Next came a spunky, funky cover of Talking Heads’ “Slippery People,” a minor hit for the Staple Singers in 1984. As it did most of the night, her trio mustered a rousing groove, sounding like a band twice its size.
Staples’ childhood nickname was Bubbles, now an apt description of her personality. Throughout the set, she chatted with her band mates and people in the crowd, including some family members, often jousting with them good-naturedly. She said of one audience member she called her cousin: “He’s from St. Louis, so you know he don’t know how to act.”
Before “Freedom March,” a Staple Singers’ song inspired by the civil rights march from Selma to Montgomery, Ala., in 1965, she reminded the crowd she was a “soldier and witness” in that march, “the big march.”
After that came “Love and Trust,” a song from “Take Us Back,” which includes songs written by a variety of well-known songwriters, including Ben Harper (who wrote “Love and Trust”), Nick Cave, Valerie June, Justin Vernon (or Bon Iver) and M. Ward, her producer.
She would sing June’s song, the inspirational “High Note,” which featured some dandy four-part harmonies, and Vernon’s “Dedicated”.
Staples sang background on “Friendship,” a song about love and togetherness that her father, the late Pops Staples, started and turned over to Mavis to finish. A swampy, bluesy cover of another protest song, “For What It’s Worth” resonated lyrically: “A thousand people in the street / Singing songs and carrying signs / Mostly saying ‘Hooray for our side.’ ”
The crowd stood, clapped, danced and sang-along to the joyous “I’ll Take You There,” a No. 1 hit for the Staple Singers in 1972, a song that casts an irresistible uplifting charm.

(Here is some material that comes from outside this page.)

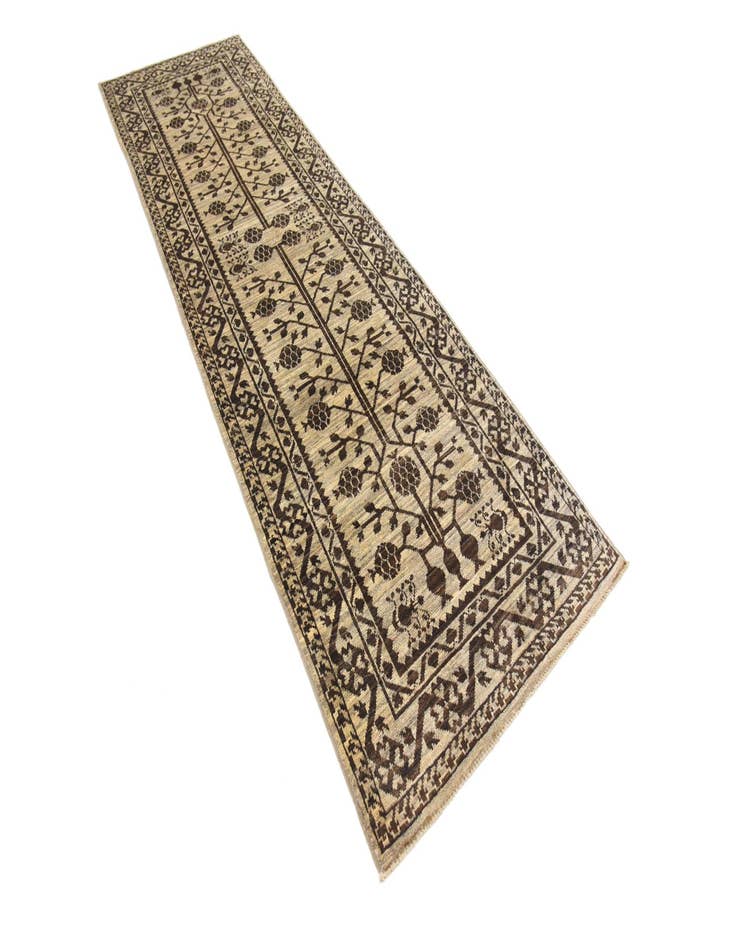 Detail image of 3' x 9' 8  Hand Knotted Khotan Ziegler Oriental Runner Rug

For the encore, Staples and her ensemble were joined by opener Nick Lowe for a gospel-blues version of the Band’s “The Weight.” After what preceded it, that one felt a bit anti-climactic, though it didn’t extinguish what Staples and her band had already wrought: a sense of optimism and faith in love.
Nick Lowe: For more than an hour, he strummed a guitar and sang songs pulled from his substantial catalog. The set list included “Stoplight Roses,” “Long-Limbed Girl,” “What’s Shakin’ on the Hill,” “House for Sale,” “The Beast in Me,” “Cruel to Be Kind,” “I Knew the Bride (When She Used to Rock and Roll)” and “(What’s So Funny ’Bout) Peace, Love and Understanding,” which aroused a big ovation from a crowd that appreciated its titular message.